Drug gang suspected in Mexico mayor's slaying

Gisela Mota, new mayor of Temixco takes her oath of office during a swearing-in ceremony in Temixco, south of Mexico City on Jan 1, 2016. PHOTO: REUTERS

MEXICO (AFP) - The Mexican drug cartel known as Los Rojos is suspected of being behind the murder of a mayor who was gunned down a day after taking office, authorities said Monday (Jan 4).

The killing of Gisela Mota, 33, has shocked the nation, putting a spotlight on the violence plaguing the central state of Morelos and the dangers mayors have faced across Mexico.

The left-of-center former member of Congress was gunned down in her house on Saturday, barely 24 hours after taking her oath of office in Temixco, about 90 kilometres south of Mexico City.

Nearly 100 mayors and more than 1,000 municipal workers have been attacked in Mexico in the past decade, mainly by organised crime groups, according to the Association of Local Authorities of Mexico.

"The lines of investigation indicate that the criminal group Los Rojos was responsible for the murder of Gisela Mota," Governor Graco Ramirez wrote on Twitter.

Morelos State Security Commissioner Alberto Capella told Radio Formula that Mota's murder could be linked to the killing of a person whose dismembered body was found on a highway on December 31 and three other cases.

Two suspects were killed and three others, including a minor, were detained just minutes after Mota's killing.

"There are more people whom we need to detain and we have taken big steps toward clearing up this case," Capella said.
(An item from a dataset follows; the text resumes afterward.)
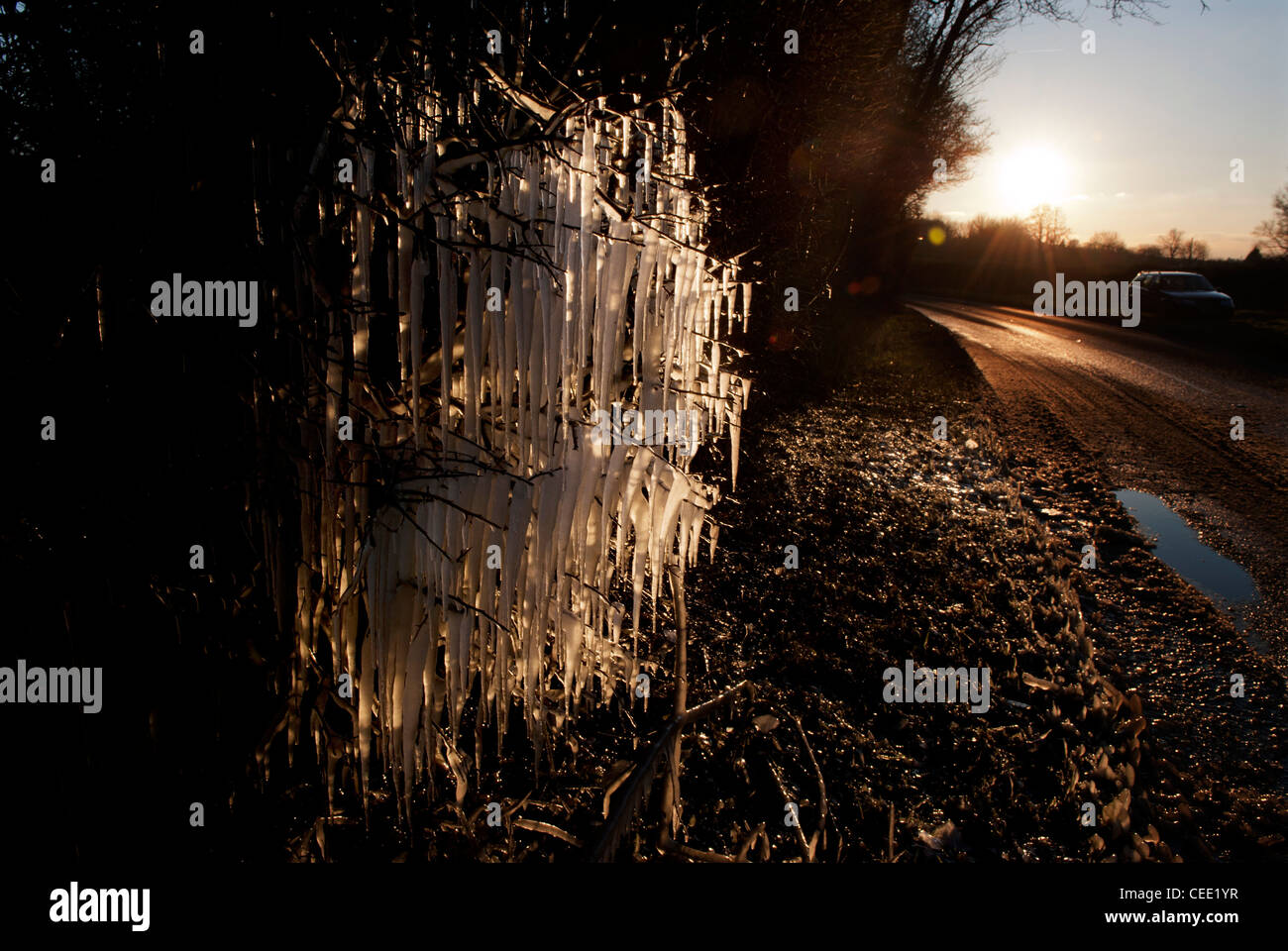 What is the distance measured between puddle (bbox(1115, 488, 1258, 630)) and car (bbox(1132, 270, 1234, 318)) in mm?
13876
Los Rojos (The Reds) and their archrivals, the Guerreros Unidos (United Warriors), have sought to "generate terror through kidnapping or control of certain areas" in Morelos, the security chief said.

The Guerreros Unidos became notorious last year as the prime suspects in the presumed killing of 43 students who disappeared in the neighboring state of Guerrero.

The governor suggested on Sunday that Mota's murder was linked to his government's decision to put state and municipal police under a "unified command" that has been opposed by some towns.

Ramirez said her murder was "a message and a clear threat for the mayors who recently took office to not accept the police coordination scheme that we have supported and that is being built at a national level."

Ramirez, who like Mota is a member of the leftist Democratic Revolution Party, said she had voiced her support for the police scheme in her city of more than 100,000. She had vowed to clean up crime.

He ordered state police to place 15 municipalities, including Temixco and the neighboring state capital, Cuernavaca, under the unified command following Mota's murder.

Ramirez has clashed with the new mayor of Cuernavaca, former football star Cuauhtemoc Blanco, over the police scheme and their conflict reemerged on Monday.

Ramirez wrote on Twitter that when he met with Blanco over the issue, the sports legend was "rude" to him.

"There are people behind Cuauhtemoc Blanco who want to take advantage of his inexperience so that criminal groups can settle in #Cuernavaca," he wrote.

Blanco strongly denied that people close to him were connected to gangs and he reiterated his rejection of the unified command, which he says has failed to curb crime.

The 42-year-old mayor warned Ramirez that he would be responsible for any attack against him.

"If something happens to me, to the people behind me and to my family, it's on you," Blanco told a news conference.